What defines the dish called chili? Does it always have to have one common ingredient to all chili's? Being from Texas I see a big steaming bowl of dark red chili topped with cheese and onions. I see cornbread sitting beside it or saltine crackers nearby. Next to it is a huge glass of ice tea with lemon in a wide mouth quart jar. My senses are excited by the strong smell of the spices and the sweet smell of the tomatoes.
I have learned to not be so critical of other's chili fantasies. Some people feel the need to add various beans to the rich, deep pot of chili. This does add to the quanity you have to feed a crowd and adds great fiber content to your diet. I may loose my Authentic Texan status but I have been known to add beans to my chili and ...call it Chili Beans. I am learning to adapt to changes slowly but chili is my sacred dish!
There are those who are very misguided and actually use chicken in their chili. Chicken is not meant for chili...period. I love those of you who do this but please I can't in good faith be a part of you calling that chili! Now I've had great soup in the Midwest with chicken, chili spices, and great veggies in it that could be called...Chicken Enchilada soup or Mexican Chicken Stew. And if anyone needs to borrow my hot peppers to give it some kick I would be glad to help!!!
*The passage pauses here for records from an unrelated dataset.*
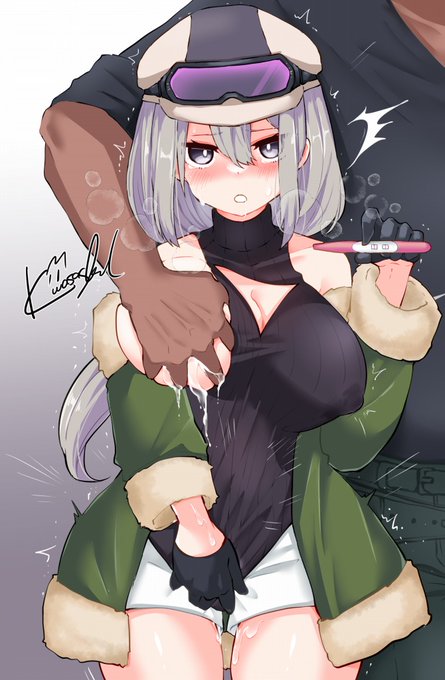 どうもお世話になります。
後ろから肩組みで弱みとおっぱいを握られてるよその子のskeb納品致しました。
ご依頼ありがとうございました! 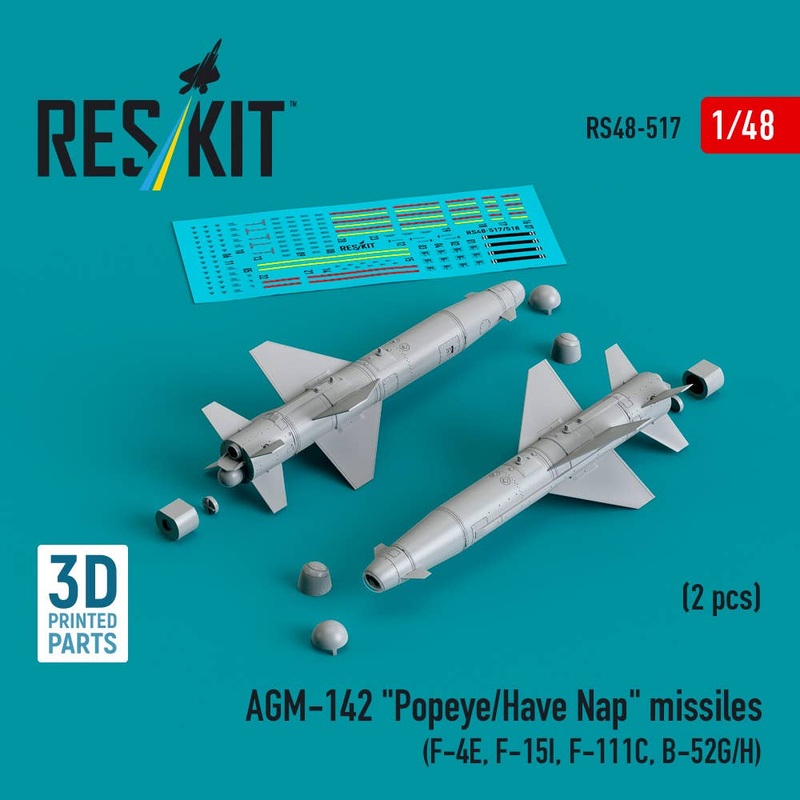 1/48 AGM-142 Popeye/Have Nap missiles (2 pcs)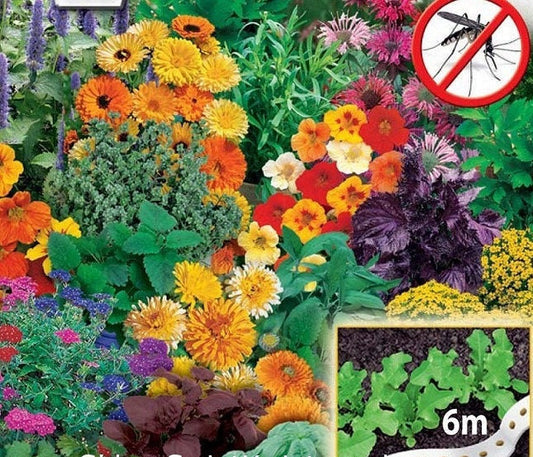 Mosquito Repelling TAPE Flower Mix 6 meters 20 feet - Vesta Market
Being born in Texas it was a food shock to me to move to other areas of our country. In Colorado I learned all about Hatch Chili peppers. I am a huge fan of these peppers now. I have some roasted and in my freezer for Green Chili Stew. In Missouri I discovered true Italian food on the famous Hill in St.Louis, the wonderful Nicoletti's Pasta con Broccoli, and the irreplaceable Provel cheese and Zia'a Sweet Italian Dressing...Only made in St.Louis. In Nebraska the fresh corn in late summer is so sweet and juicy it runs down your chin when you take a bite. Have to buy it straight from the farmer to get it the freshest. So regardless of where you land in life..there is always good food and memories to make.